Purpose: Profile two books that shed light on the problem of anti-Black sentiment in Canada and how to end it.
Before Reading: Ask yourself:
- What do I really know about anti-Black sentiment and anti-Black racisms in Canada?
Two Reading Recommendations:
- Visitor: My Life in Canada by Anthony Stewart. Fernwood Publishing, 124 pages.
I arrived in Canada from the USA six years ago to take a position at the University of Waterloo. I would be teaching Black Studies, communication, and English. When I began teaching, white Canadians and some people of colour told me that racism was different in Canada, virtual non-existent. Many pointed to the Multiculturalism Policy as evidence. But one white colleague took me aside and gave me a copy of the book I am recommending here. It changed my perspective. Yes, I racism is different in Canada, because, according to Stewart, it may be worse than in the USA because Canadians overall have not really dealt with it. In this memoir, Anthony Stewart, a university professor, and young Black man, born and raised in Canada, writes about growing up in Canada, his professional career, and his decision to leave Canada, ironically, for the USA. He left Canada because, as a Black person, he always felt like a visitor (thus the title of his book), although he had not lived anywhere else. His book calls Canadians to consider the real questions of what it means to be Black in Canada.

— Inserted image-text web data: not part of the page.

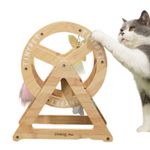 Petshop - Accesorii petshop - Jucarii animale - Jucarii interactive animale - Roata de joaca din lemn de bambus pentru pisici, 14,5 cm x 28 cm x 34 cm - Infinity.ro
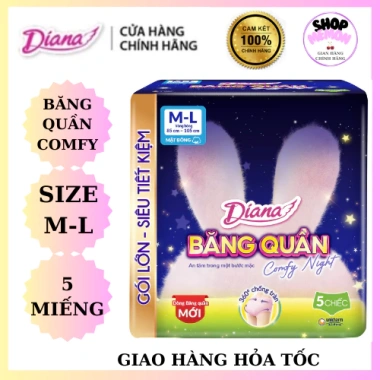 Băng vệ sinh Diana Comfy Night 5 gói (5 miếng) size SM-ML giá ưu đãi 342.000₫ 3 Băng vệ sinh Diana Comfy Night 5 gói (5 miếng) size SM-ML giá ưu đãi 342.000₫ 3
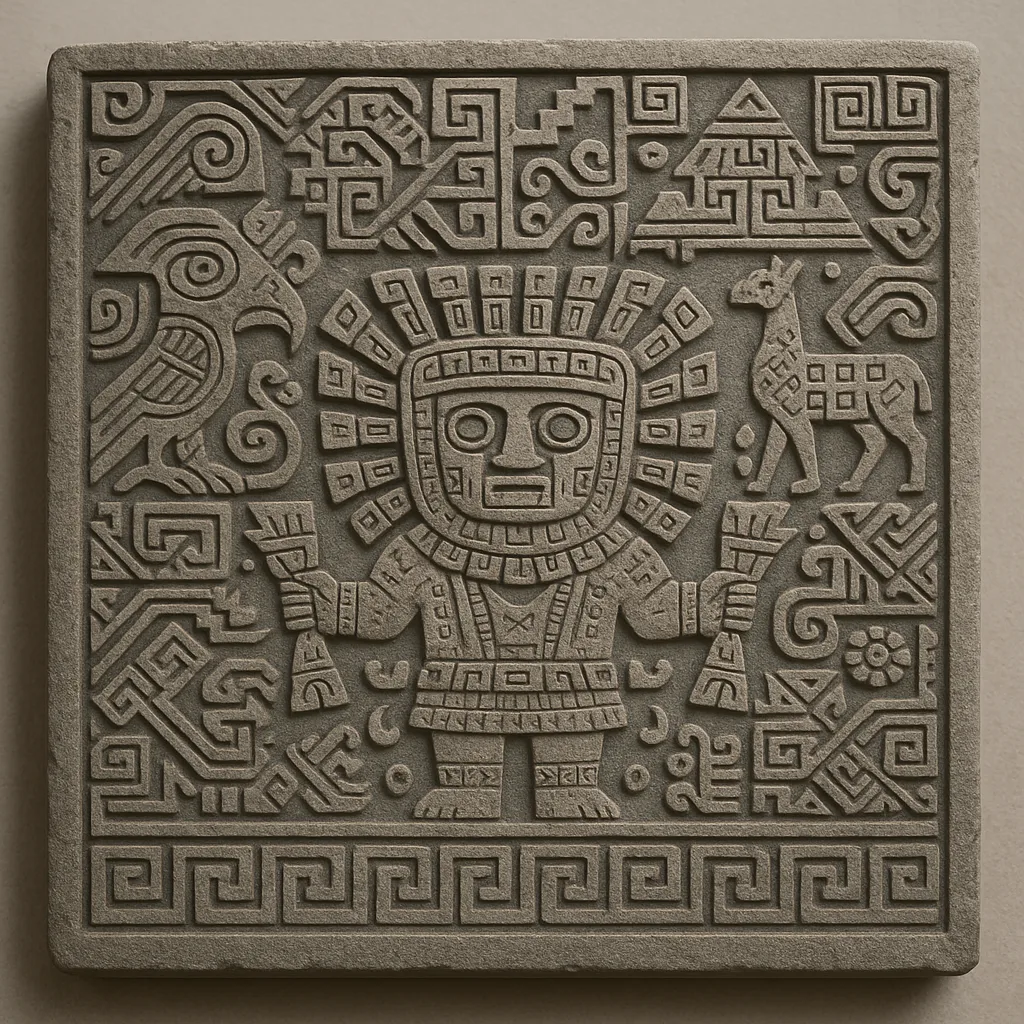 Sculpture from Stone That Features Detailed Designs Drawn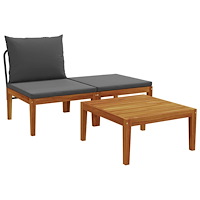 vidaXL 3 pcs Lounge-set Massivt Akaciaträ Naturlig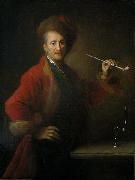 unknow artist Portrait d'homme en costume polonais, une pipe a la main. painting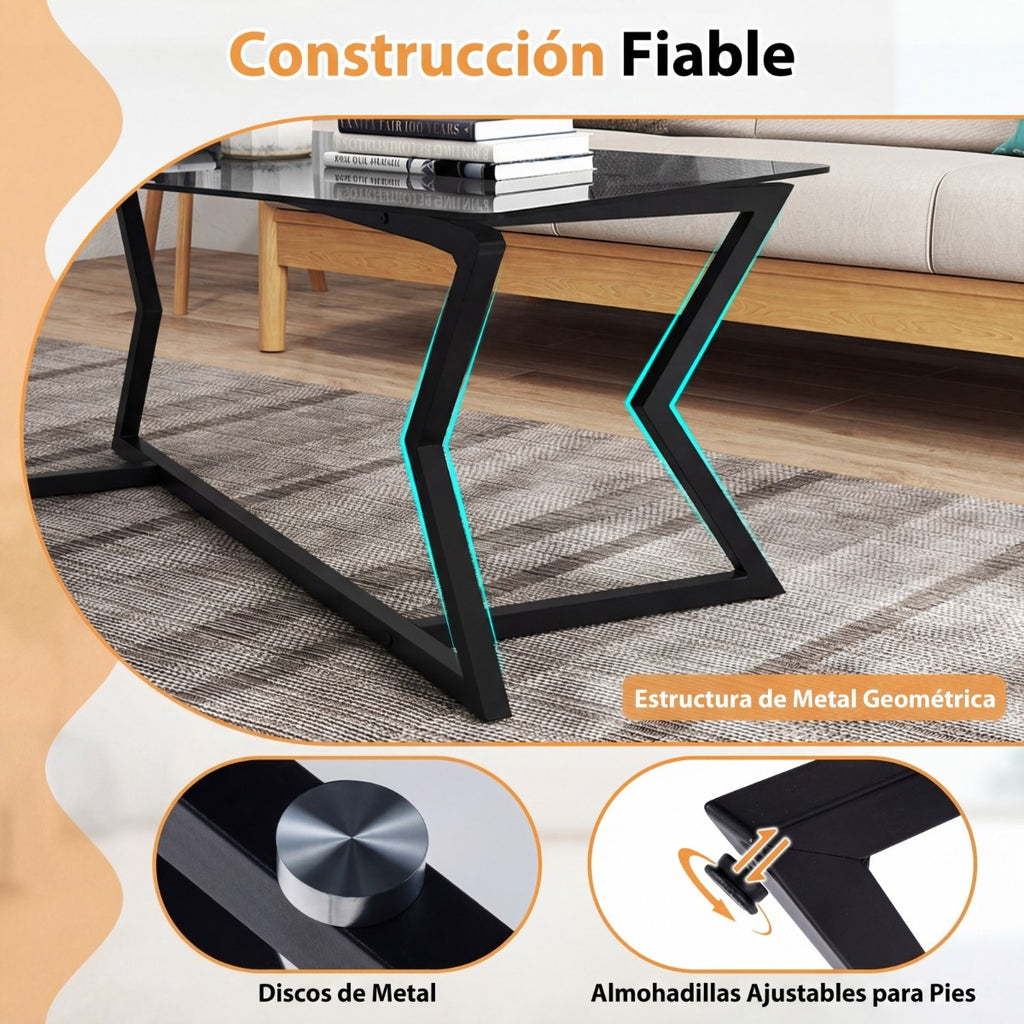 Mesa de Café Rectangular Vidro Temperado e Estrutura Metálica Geométrica Cinza Escuro — foto 7
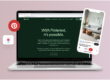 A laptop displaying the Pinterest business account setup page alongside a smartphone featuring a Pinterest post of a modern living room, with the Pinterest logo visible, emphasizing the platform's business potential | Social media planner | plannthat.com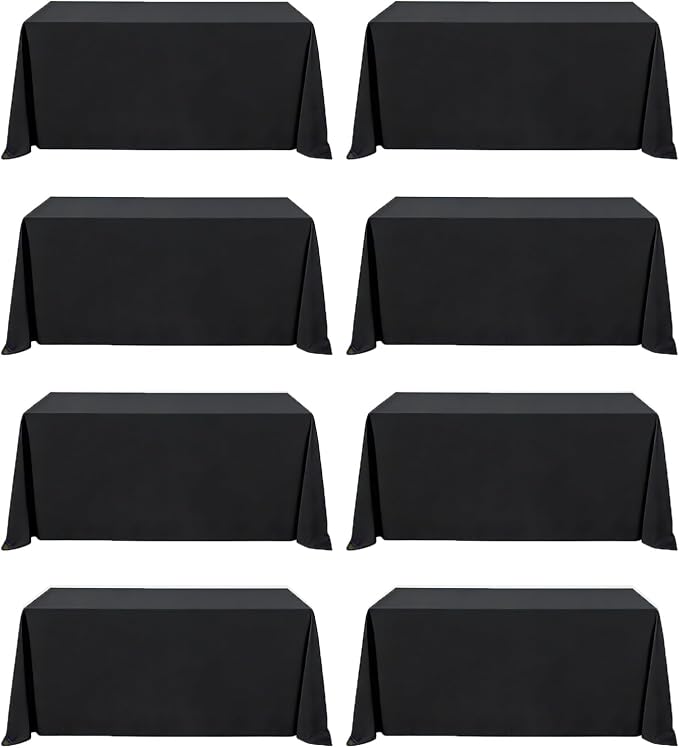 8 Pack Black Tablecloths 90 x 156 Inch Rectangle For 8 Foot Tables | Wrinkle Resistant, Washable Polyester Fabric, Rectangular Table Cloth for Wedding Party Banquet Buffet and Camping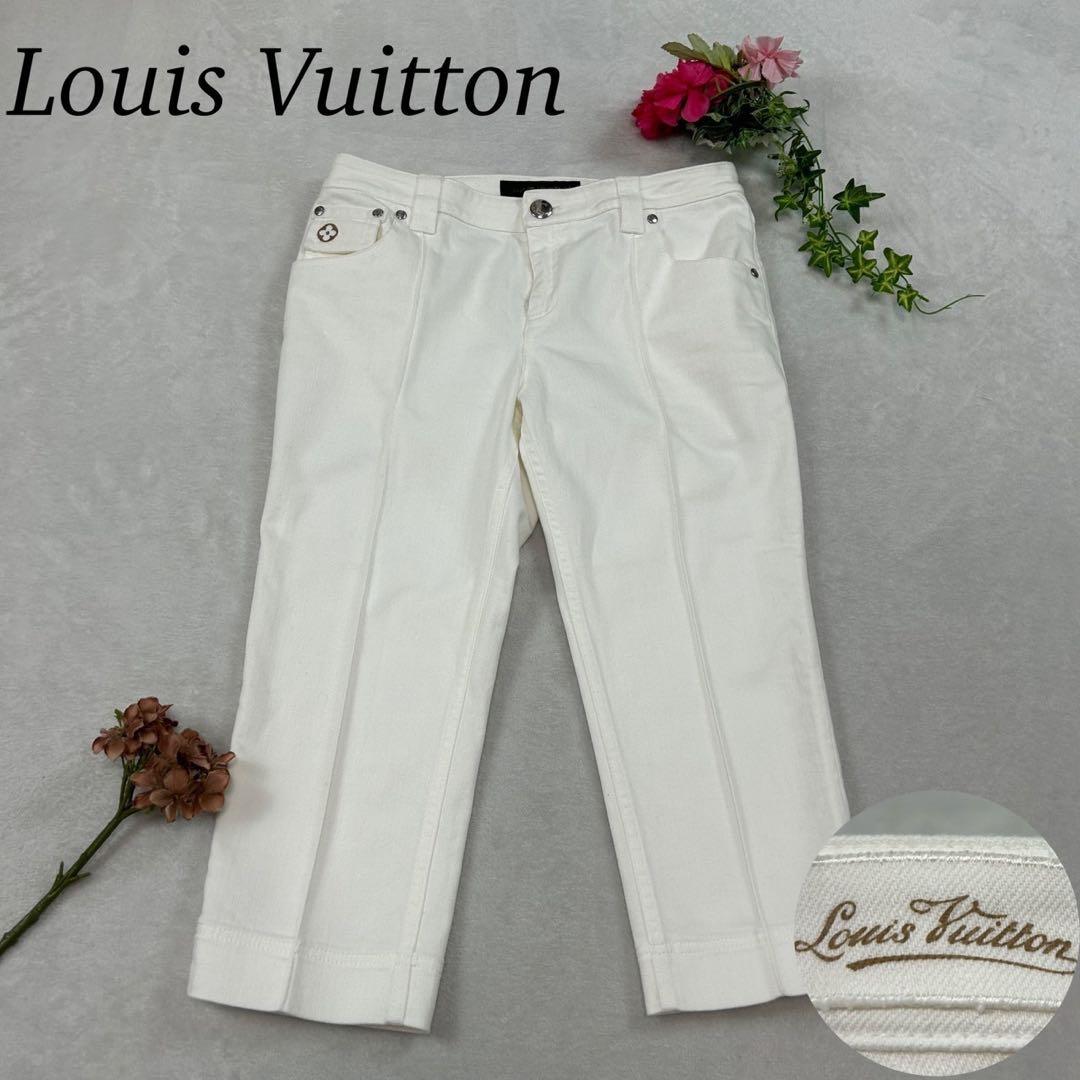 J51 新品未使用 M ルイヴィトン デニムパンツ ホワイト レディース
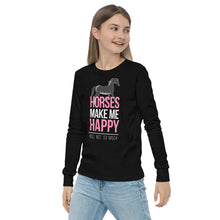 Load image into Gallery viewer, Horses=Happiness! Youth long sleeve tee
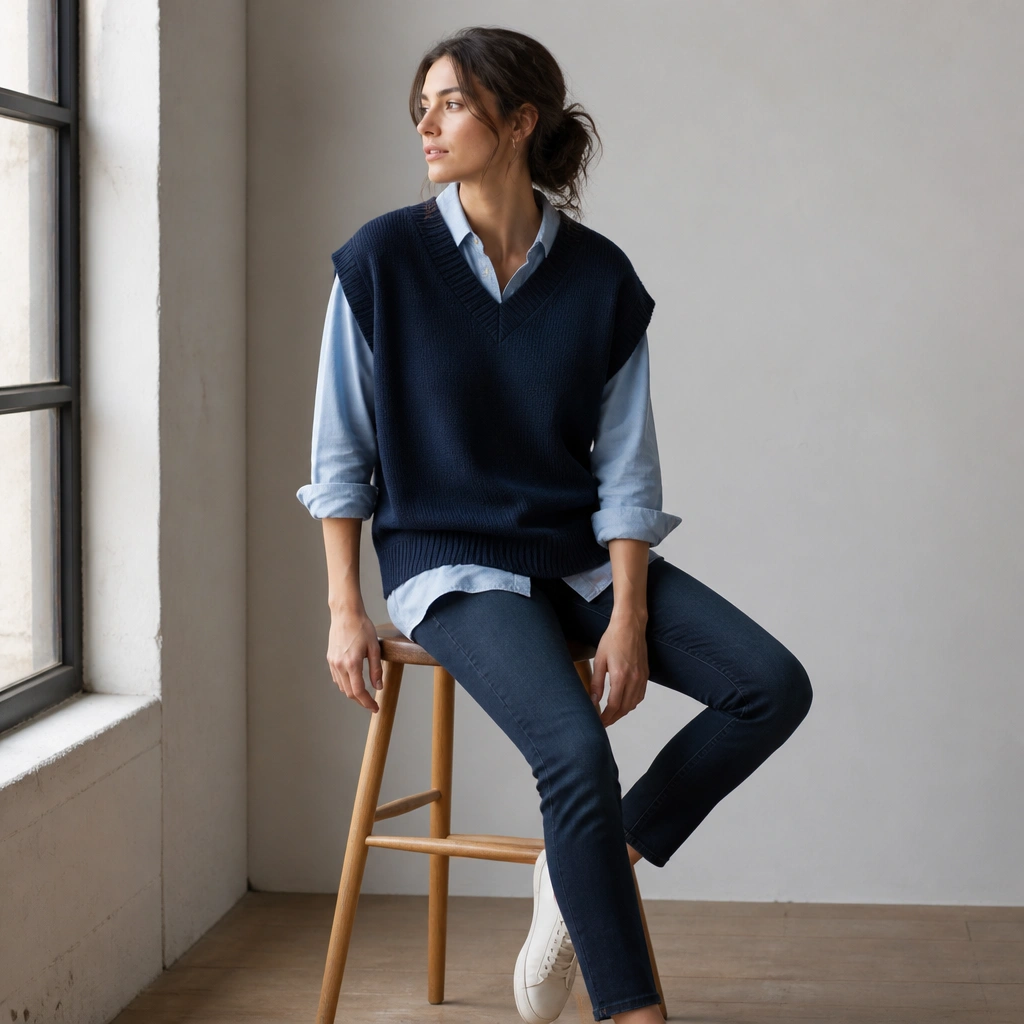 A navy oversized sweater vest over a light chambray button-up shirt, with the shirt collar visible and sleeves rolled; the outfit is finished with white sneakers and slim dark jeans.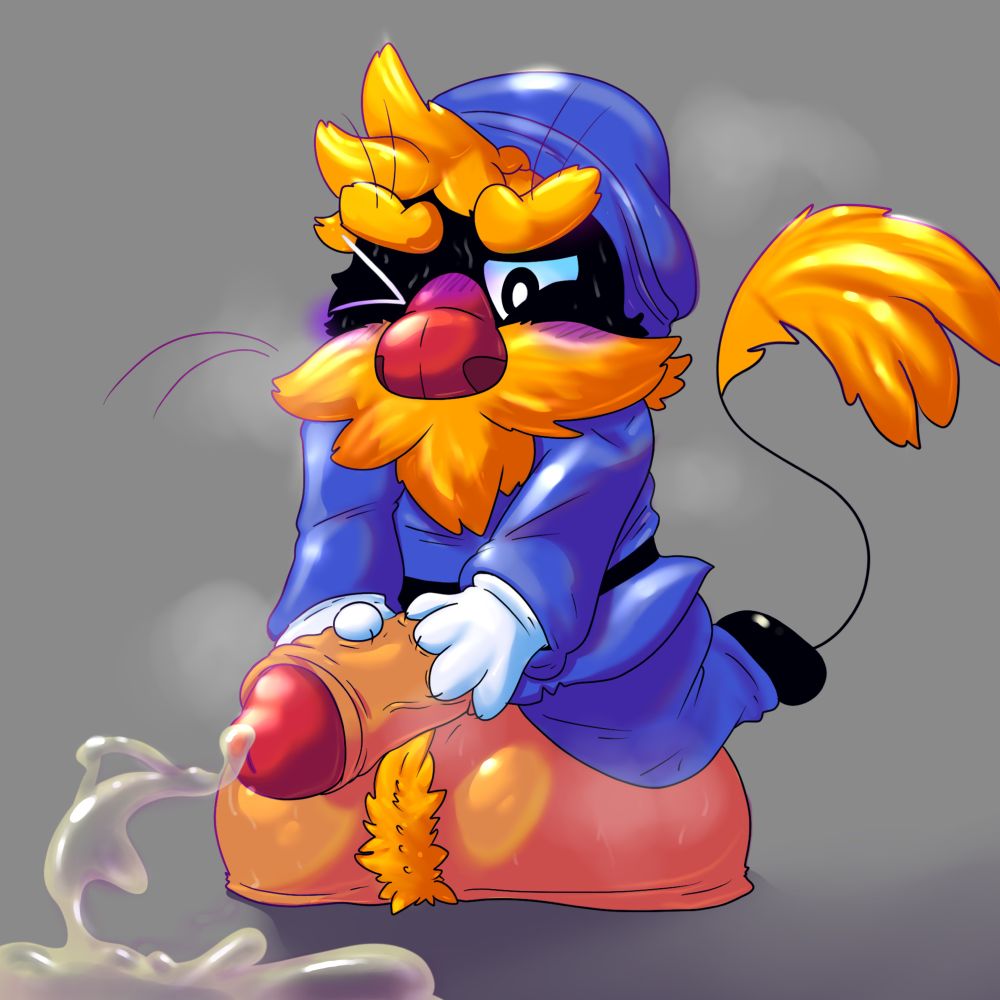 Blue Thief from Everhood with a hyper cock and balls jerking off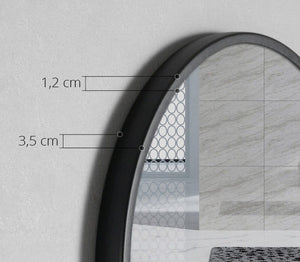 SPECCHIO Valora CON MENSOLA 70CM Nero Rotondo Stile Loft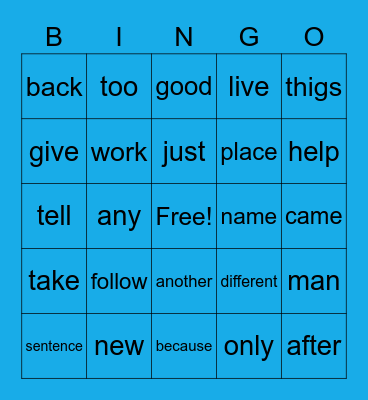 Sight Words 200's Bingo Card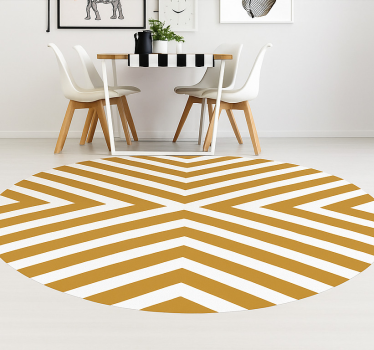 Mosterd chevronpatroon vinyl tapijt eetkamer - TenStickers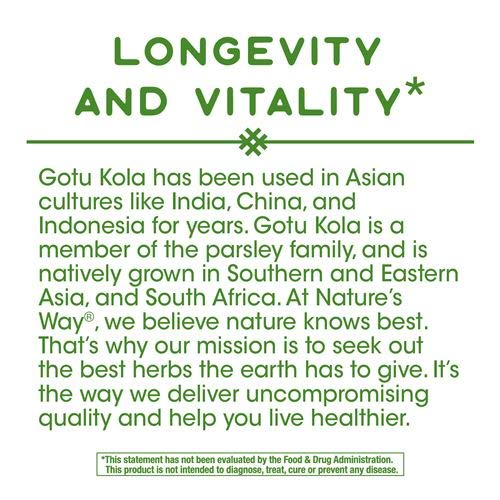 NATURE'S WAY Hierba centella asiática - Camino de la Naturaleza, 180 cápsulas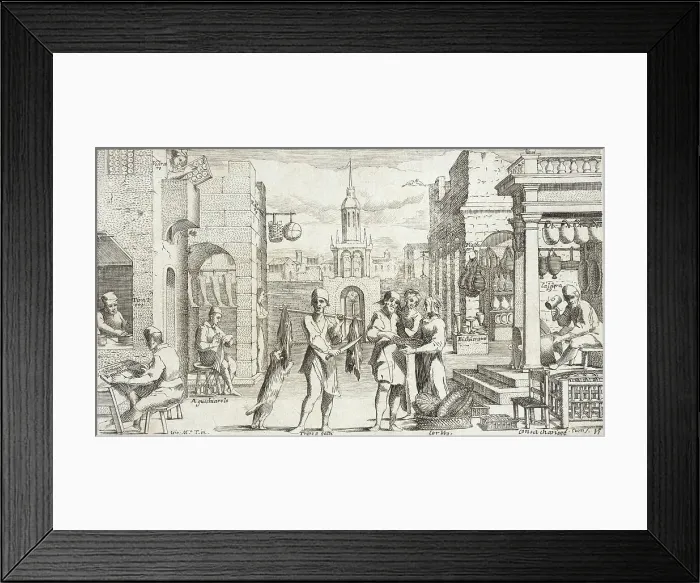 Framed Print : Trades Practiced in Bologna, c1640. Creators: Francesco Curti, Agostino Parisini Framed Print : Trades Practiced in Bologna, c1640. Creators: Francesco Curti, Agostino Parisini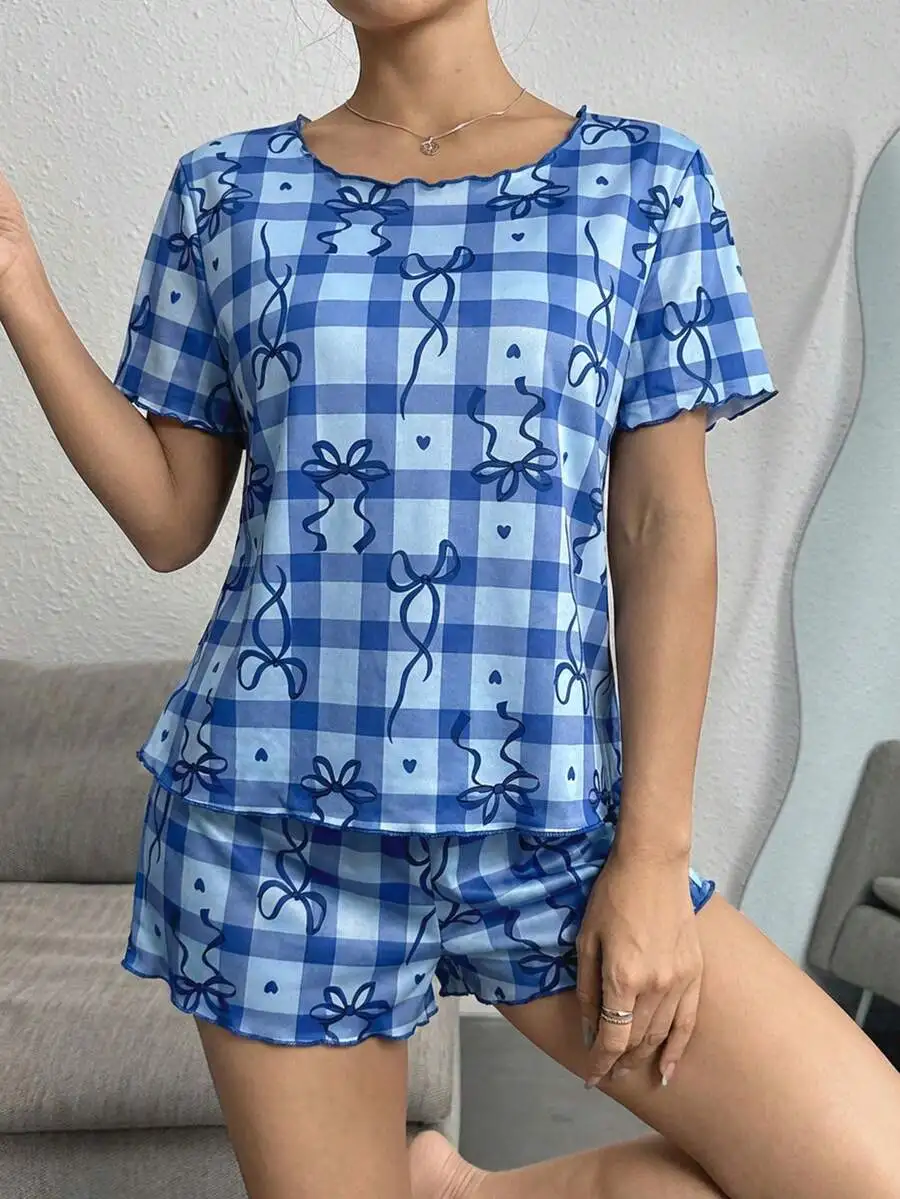 Blue Plaid Bow Print Casual Women Pajama Set With Quilted Hem
Blue Plaid Bow Print Casual Women Pajama Set With Quilted Hem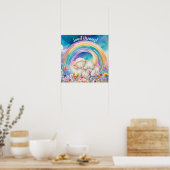 Süße Träume Blumen Regenbogen & Lamm Poster (Küche)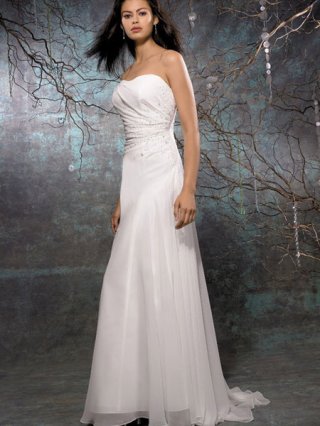 2011 Hotsale Beads Working simple Chiffon Wedding Dress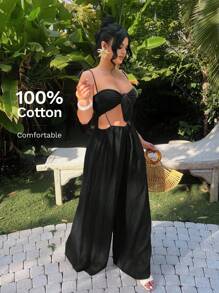 SHEIN SXY Bộ áo dây mảnh không tay gợi cảm và áo liền quần, phong cách kỳ nghỉ - màu đen - Xem 1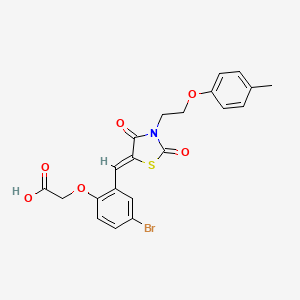 molecular formula C21H18BrNO6S B4752972 [4-bromo-2-({3-[2-(4-methylphenoxy)ethyl]-2,4-dioxo-1,3-thiazolidin-5-ylidene}methyl)phenoxy]acetic acid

Click here to read a review of Stewart’s book from Literary Review of Canada: A Journal of Ideas, April 2015.
- Until We Are Free: Reflections on Black Lives Matter in Canada, Edited by Rodney Diverlus, Sandy Hudson, and Syrus Marcus Ware, University of Regina Press, 2020.
Because I write and speak to the public about race and do anti-racism consulting, I often get asked to write for newspapers, such the Toronto Star and in magazines, such as The Conversation. I also get asked to review and blurb books. In 2020, I was asked to share my thoughts on the book I am recommending here. This book is a collection of essays, poems, and performances by African Canadian writers about the ways in which Canada is also a fertile ground for #Black Lives Matter movement. The writings are moving, inspiring, and often humorous. I wrote the following blurb for this book: “Until We Are Free busts myths of Canadian politeness and niceness, myths that prevent Canadians from properly fulfilling Canada’s dream of multiculturalism and from challenging systemic racism, including the everyday assaults on black and brown bodies. This book needs to be read and put into practice by everyone.” I stand by this assessment, and therefore now commend this book to you for your reading enlightenment and pleasure.
Click here to read a CBC review of Until We Are Free, and listen to an interview with one of the book’s editors.
Action Steps: After reading one of the recommendations, ask yourself:
- What have I learned about anti-Black sentiment and anti-Black racisms in Canada?
- How can I use what I have learned to help intervene into and end anti-Black sentiment and anti-Black racisms in Canada?